SUPPLIED MATERIAL:
-------

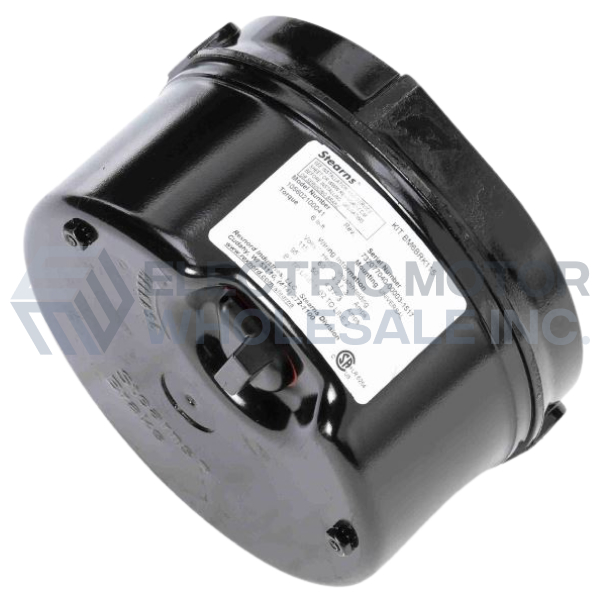 Image for 6FT-LB STEARNS 56000 Series NEMA2 115/230VAC Black Brake 105602100041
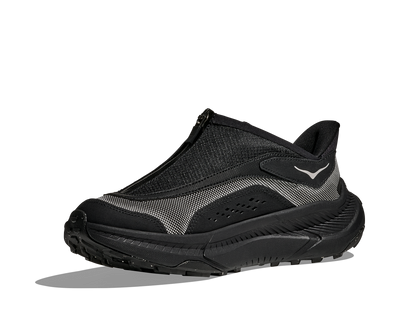 HOKA U Project Transport Black/White 1168953-BWHT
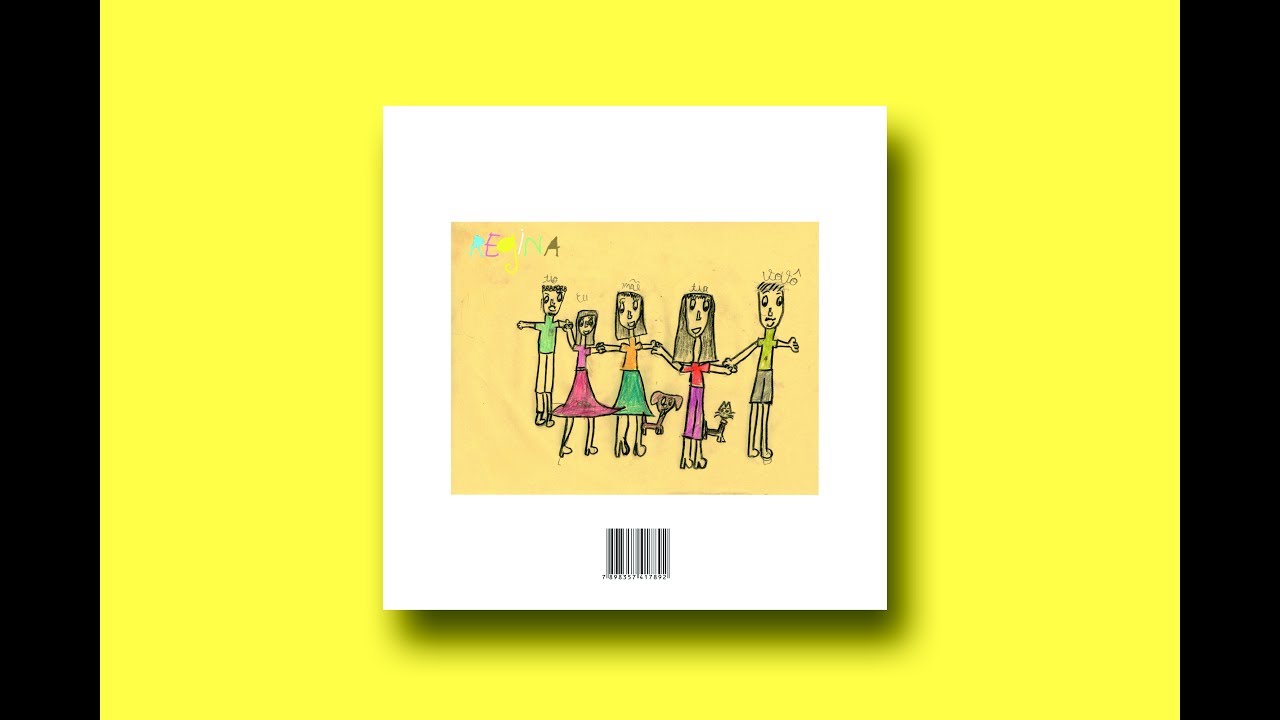 niLL - Regina (Full Álbum)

-------

WHAT NEEDS TO BE DONE: Return all the data exactly, and keep the pictures out.

ANSWER:
 Image for 6FT-LB STEARNS 56000 Series NEMA2 115/230VAC Black Brake 105602100041
 HOKA U Project Transport Black/White 1168953-BWHT
 niLL - Regina (Full Álbum)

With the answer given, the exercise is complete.